Het is de zomer van 1938. De badplaats Margate ligt als het ware op de neuspunt van de Engelse zuidoostkust. Er is een boulevard, een park en een kermis, een echt vakantieoord. In de ochtenduren heeft de trein een stoet van gezinnen met kleine en grote kinderen losgelaten. De niet met naam genoemde vertelster bekijkt de drukte om zich heen tot ze haar doel gevonden heeft. Een onbeheerde kinderwagen, ze stapt erop af en neemt hem mee, tevreden constaterend dat er een baby in ligt. Achter haar breekt al snel paniek uit, maar dat deert haar niet. Ze merkt het wel, vertelt hoe mensen in groepjes op zoek gaan, de ouders in paniek zijn. Ze legt het kind op de achterbank van haar auto en vertrekt.
Al gauw blijkt, dat het een goed voorbereide actie is. In haar koffer zitten luiers, wat eten en zelfs een boek over de verzorging van kleine kinderen. De ‘nieuwbakken moeder’ woont met Albert, zoals ze het jongetje noemt, in haar auto. Af en toe een pensionkamer hurend, als dat om hygiënische redenen gewenst is. Ze is ervan overtuigd dat ze juist gehandeld heeft.
De kern van het verhaal is niet zo zeer de kidnap, als wel het achterliggende motief. De vrouw is onvoorstelbaar eenzaam, een doel in het leven heeft ze niet, vrienden of familie evenmin. Die eenzaamheid is zo absoluut, dat de mensen om haar heen, inclusief de verdrietige ouders, haar niet emotioneel meer kunnen raken.

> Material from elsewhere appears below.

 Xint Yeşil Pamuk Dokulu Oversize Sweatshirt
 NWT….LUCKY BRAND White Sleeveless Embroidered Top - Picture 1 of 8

De vrouw mist elk empathisch vermogen. Ze is ervan overtuigd dat de eerste zes maanden van Albert uit zijn geheugen gewist zullen worden, “het echtpaar dat hem had voortgebracht zou hij zich niet herinneren. De tijd werkt in hun nadeel.”
Schuldgevoel is er ook niet. Als ze de verdrietige moeder op de boulevard heeft zien staan, merkt ze op:
“Ik had tijd verloren met het observeren van die verdrietige vrouw die haar kind kwijt was.”
Zelfs de liefde voor Albert is beredeneerd, het is een deel van het plan, het stichten van een gezin. Zonder al dat gedoe eromheen. Om niet meer eenzaam te zijn, ergens bij te horen. Niet uitgelachen te worden.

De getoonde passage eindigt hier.